I'm beginning to like the new front end of the 05...it had to grow on me as I see more and more on the road. Yeah the old 6spoke 17" which I had are pretty plain, I went to 19X8 with a 6 spoke except they split at the ends like 12 little spokes...alot like the new rims on the SE-R. When the SE-R first debut thats the first thing everyone noticed that the rims looked alot like mine :thumbup: copy cats!   I've had my rims for over a year..


----------



## blitzboi (Apr 13, 2004)

altimateone said:


> I dont think its twitchy at all...not like the Mazda6 I test drove. That car will react to the slightest steering movement.

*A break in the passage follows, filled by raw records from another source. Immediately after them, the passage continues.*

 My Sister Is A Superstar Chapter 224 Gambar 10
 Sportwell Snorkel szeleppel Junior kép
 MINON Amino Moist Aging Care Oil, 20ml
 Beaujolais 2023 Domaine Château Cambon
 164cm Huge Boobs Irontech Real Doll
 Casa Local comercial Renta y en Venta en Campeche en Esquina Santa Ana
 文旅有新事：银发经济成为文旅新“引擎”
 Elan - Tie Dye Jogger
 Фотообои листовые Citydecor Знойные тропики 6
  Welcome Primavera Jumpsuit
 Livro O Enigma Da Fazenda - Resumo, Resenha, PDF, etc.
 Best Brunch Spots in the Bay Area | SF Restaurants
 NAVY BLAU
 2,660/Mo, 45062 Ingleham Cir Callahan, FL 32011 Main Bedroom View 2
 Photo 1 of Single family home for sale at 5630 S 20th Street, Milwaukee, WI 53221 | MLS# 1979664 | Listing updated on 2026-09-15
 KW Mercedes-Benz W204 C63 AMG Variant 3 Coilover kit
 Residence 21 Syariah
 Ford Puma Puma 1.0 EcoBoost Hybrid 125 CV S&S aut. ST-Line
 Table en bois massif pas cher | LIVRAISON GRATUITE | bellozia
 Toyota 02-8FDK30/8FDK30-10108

Sounds like my Protege5 (company car). It's got great handling, like it's on rails even with the stock 16" alloys and tires. But it gets annoying on the highway because it changes lanes too easily.. doesn't like to stay going straight. I haven't driven a Mazda3 yet to know if they've dulled down the handling any or tightened it up even more.


----------



## altimateone (May 30, 2003)

Thats funny I was looking at the Protege5 first, then decided I needed more room so I almost bought the Mazda6, but the sales manager wouldn't budge off sticker cause it was there new model year. I ougt to thank him for steering me towards the Altima instead...


----------



## blitzboi (Apr 13, 2004)

altimateone said:


> Thats funny I was looking at the Protege5 first, then decided I needed more room so I almost bought the Mazda6, but the sales manager wouldn't budge off sticker cause it was there new model year. I ougt to thank him for steering me towards the Altima instead...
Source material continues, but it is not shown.